The work group will focus on three areas in the coming months. The first will be in supporting hawkers, said Minister of State for Communications and Information and National Development Tan Kiat How.

This could mean helping those less familiar with technology or may need extra assistance to take online orders, for instance.

He said better organisation is required within hawker centres to coordinate delivery orders, such as by using a hybrid model, where someone is physically present at the hawker centre to coordinate customer orders placed via an app.

He added that bundling orders from different stores is also necessary, and can help reduce the cost of delivery when done well and efficiently.

To ensure that the current business model is sustainable, he said it is important to think about the commissions charged by food delivery platforms, which include the fees paid to delivery riders.

Hawkers must also receive their payouts immediately so that they can pay for supplies, and the price of hawker food charged to the consumer must be sustainable, he added.

The work group also has to think of ways to increase demand for hawker food deliveries, said Mr Tan.

This can be done by raising awareness of the food delivery platforms and hawker stalls on these platforms, and by marketing to the surrounding workplaces and housing estates, for example.

Mr Anthony Low, chairman of the hawkers division of the Federation of Merchants' Association Singapore, agreed that it is helpful for hawkers to move onto delivery platforms.

He added that he has encouraged more hawkers to overcome their fear of using technology and to start having a social media presence in order to raise awareness of their business.

Halal food delivery app Bungkus has seen two to three times more hawker sign-ups amid this heightened alert period, said the firm's chief operating officer, Mr Baru Walia.
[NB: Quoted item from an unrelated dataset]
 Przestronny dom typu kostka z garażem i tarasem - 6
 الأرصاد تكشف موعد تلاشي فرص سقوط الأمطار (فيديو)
Over a third of its 300 merchants are hawker stalls.

As its merchant base in a niche market is smaller, Bungkus can provide more personalised service, he said. For instance, merchants who are less tech savvy can communicate with Bungkus staff via WhatsApp to meet delivery orders.

"The merchants can notify us instantly if they missed out on any orders, or if their store is closed for the day, for instance," said Mr Baru.

"From there, we can then help them deactivate the store or go offline during that duration, which they find very helpful. They know that we will assist them and guide them through it, so they know there's nothing to fear with technology," he added.